冷蔵庫内での保存も温度が低くなり、結晶化してしまうので避けましょう。
逆に冷蔵庫よりさらに温度が低い冷凍庫の中では、実は蜂蜜は結晶化しません。
冷凍庫の中は-18度前後になっていることが多く、結晶化が起こる温度よりも著しく低い温度のためです。
それに加え、はちみつが凍る温度は-20度~-25度なので、冷凍庫では凍りません。
ただし、冷凍庫で保存すると質感が硬めの水飴のようになり、少し使い勝手は悪くなるので注意してください。
業務用冷凍庫には注意
一般家庭用の冷凍庫は-18度前後がほとんどですが、業務用冷凍庫の場合は-20度~-30度が平均とされています。

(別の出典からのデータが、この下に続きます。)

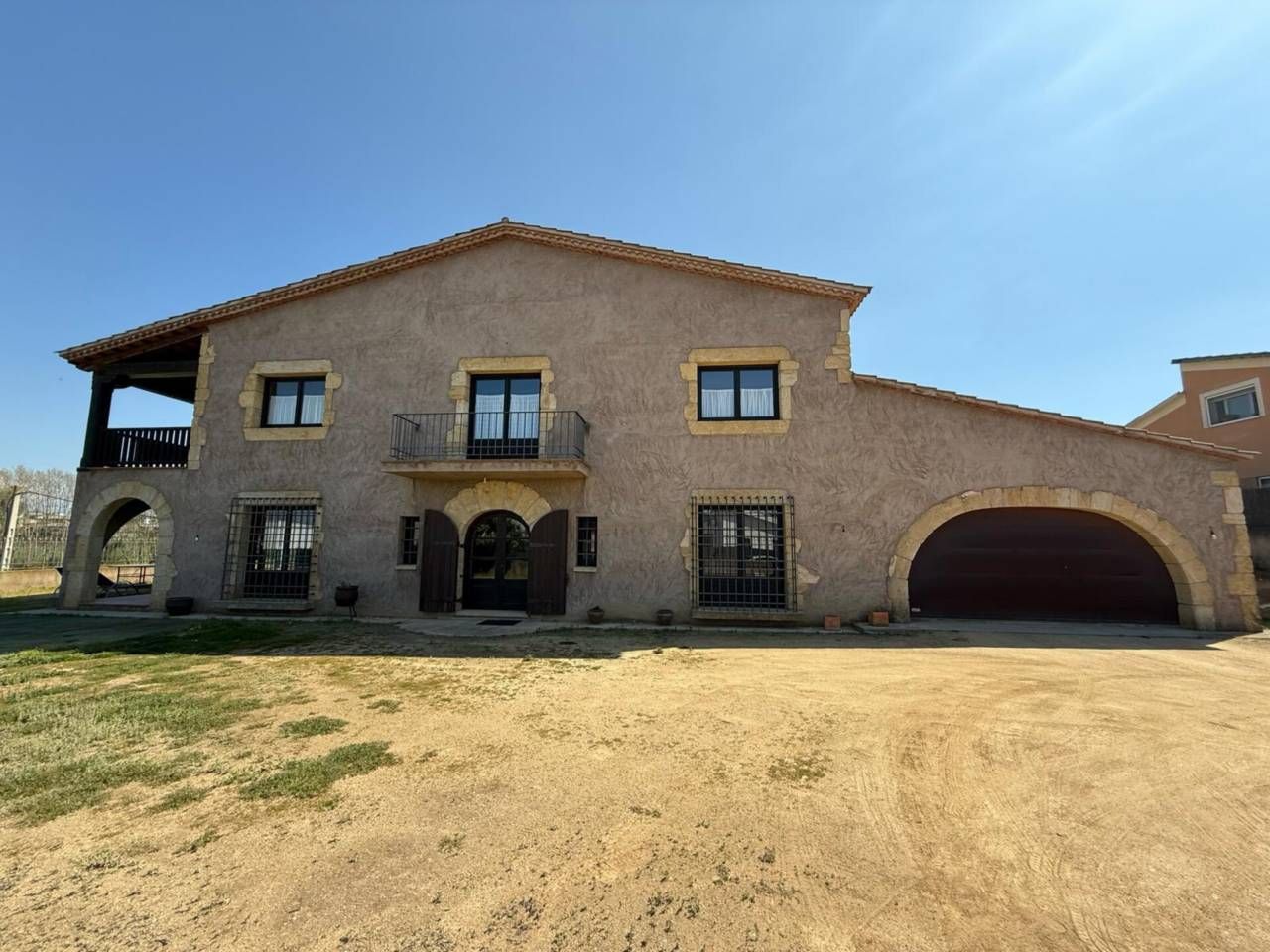 Vista exterior de Casa o xalet en venda en Montornès del Vallès amb Calefacció, Jardí privat i Terrassa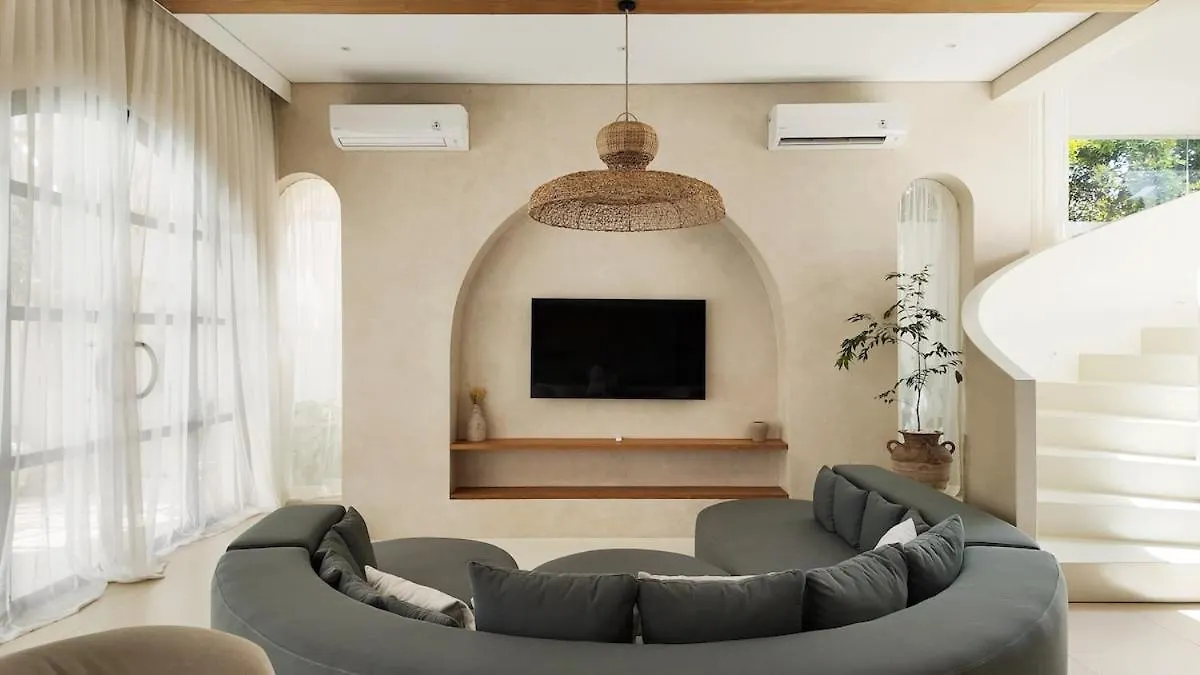Brand New Exquisite Luxury 5 Bedroom Villa Umalas Kerobokan Indonésie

業務用冷凍庫ではちみつを保存すると凍ってしまう可能性があるので注意してください。
冷蔵庫の上に置いて保存するのも注意
調味料など、何かと物を置きやすい冷蔵庫の上ですが、冷蔵庫の振動ではちみつが結晶化してしまう可能性があるので注意してください。
もちろん、冷蔵庫の中も振動があり結晶化する可能性があるので、結晶化させたくない人は冷蔵庫での保存は控えるようにしましょう。